Retype, word for word, every line of the records below starting at the one that contains "For each of" and ending at the one that contains "If you're working"; include both of those lines and nothing more.

▸ Exercise data
****************

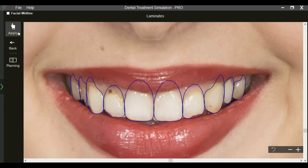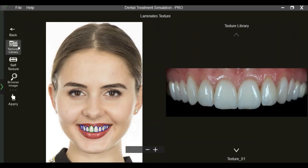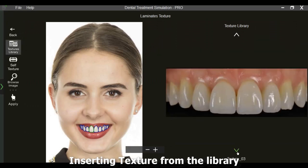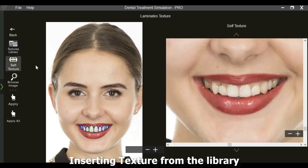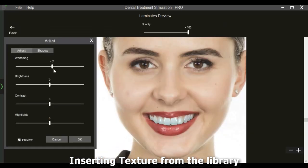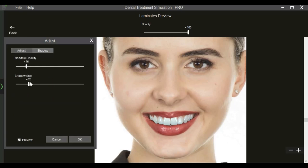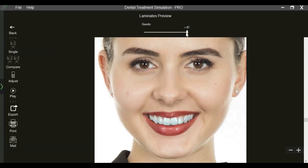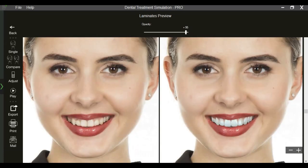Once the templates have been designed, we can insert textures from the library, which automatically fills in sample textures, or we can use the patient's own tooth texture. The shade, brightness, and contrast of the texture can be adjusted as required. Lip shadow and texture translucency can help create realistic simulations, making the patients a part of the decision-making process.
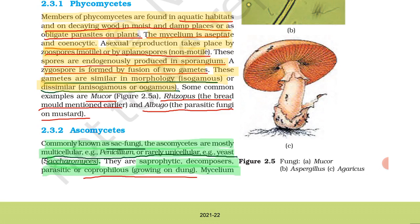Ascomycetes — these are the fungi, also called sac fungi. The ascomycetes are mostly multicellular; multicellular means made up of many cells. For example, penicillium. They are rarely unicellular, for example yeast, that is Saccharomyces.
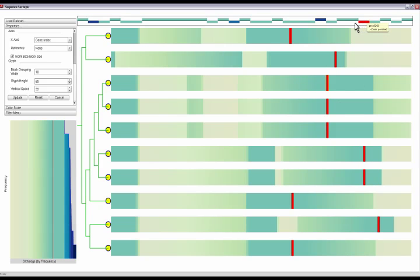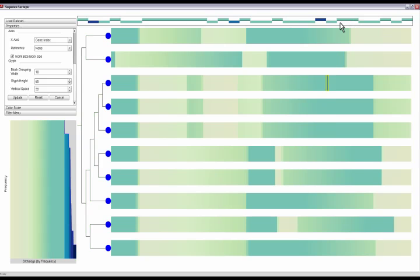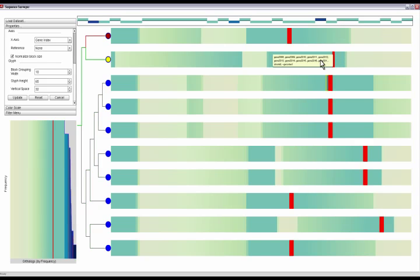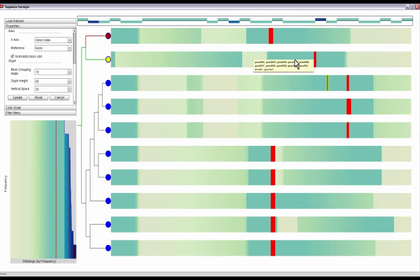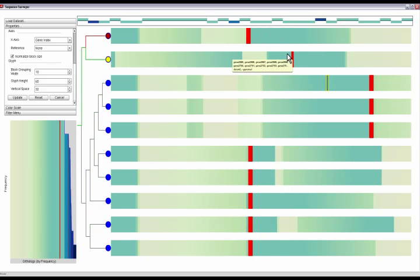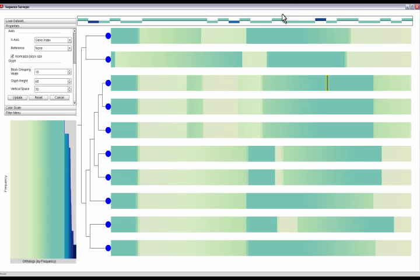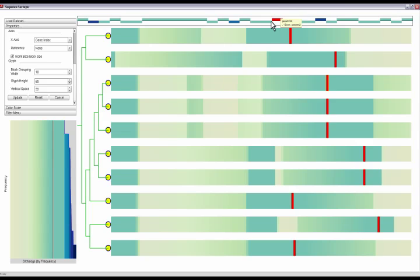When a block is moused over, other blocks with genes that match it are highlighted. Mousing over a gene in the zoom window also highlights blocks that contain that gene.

****************

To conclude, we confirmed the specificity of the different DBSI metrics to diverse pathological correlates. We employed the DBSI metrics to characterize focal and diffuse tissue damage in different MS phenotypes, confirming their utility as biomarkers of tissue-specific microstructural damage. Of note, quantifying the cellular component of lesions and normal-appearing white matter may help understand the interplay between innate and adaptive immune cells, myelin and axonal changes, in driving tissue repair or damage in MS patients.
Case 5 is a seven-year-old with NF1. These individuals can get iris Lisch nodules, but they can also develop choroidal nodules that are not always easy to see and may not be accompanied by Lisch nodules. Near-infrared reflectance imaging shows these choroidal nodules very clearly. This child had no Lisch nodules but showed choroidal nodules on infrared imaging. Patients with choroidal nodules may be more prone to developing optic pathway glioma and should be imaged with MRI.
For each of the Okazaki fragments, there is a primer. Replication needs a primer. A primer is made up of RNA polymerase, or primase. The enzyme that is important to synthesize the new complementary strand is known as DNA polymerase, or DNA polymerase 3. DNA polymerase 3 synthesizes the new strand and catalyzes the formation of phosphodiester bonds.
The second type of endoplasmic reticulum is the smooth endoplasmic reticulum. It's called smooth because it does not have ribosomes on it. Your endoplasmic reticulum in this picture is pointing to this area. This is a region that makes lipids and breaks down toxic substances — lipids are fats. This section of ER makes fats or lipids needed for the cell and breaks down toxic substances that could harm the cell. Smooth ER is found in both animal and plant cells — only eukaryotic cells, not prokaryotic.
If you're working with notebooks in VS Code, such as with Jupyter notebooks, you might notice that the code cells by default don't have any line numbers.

****************

▸ Answer area
For each of the Okazaki fragments, there is a primer. Replication needs a primer. A primer is made up of RNA polymerase, or primase. The enzyme that is important to synthesize the new complementary strand is known as DNA polymerase, or DNA polymerase 3. DNA polymerase 3 synthesizes the new strand and catalyzes the formation of phosphodiester bonds.
The second type of endoplasmic reticulum is the smooth endoplasmic reticulum. It's called smooth because it does not have ribosomes on it. Your endoplasmic reticulum in this picture is pointing to this area. This is a region that makes lipids and breaks down toxic substances — lipids are fats. This section of ER makes fats or lipids needed for the cell and breaks down toxic substances that could harm the cell. Smooth ER is found in both animal and plant cells — only eukaryotic cells, not prokaryotic.
If you're working with notebooks in VS Code, such as with Jupyter notebooks, you might notice that the code cells by default don't have any line numbers.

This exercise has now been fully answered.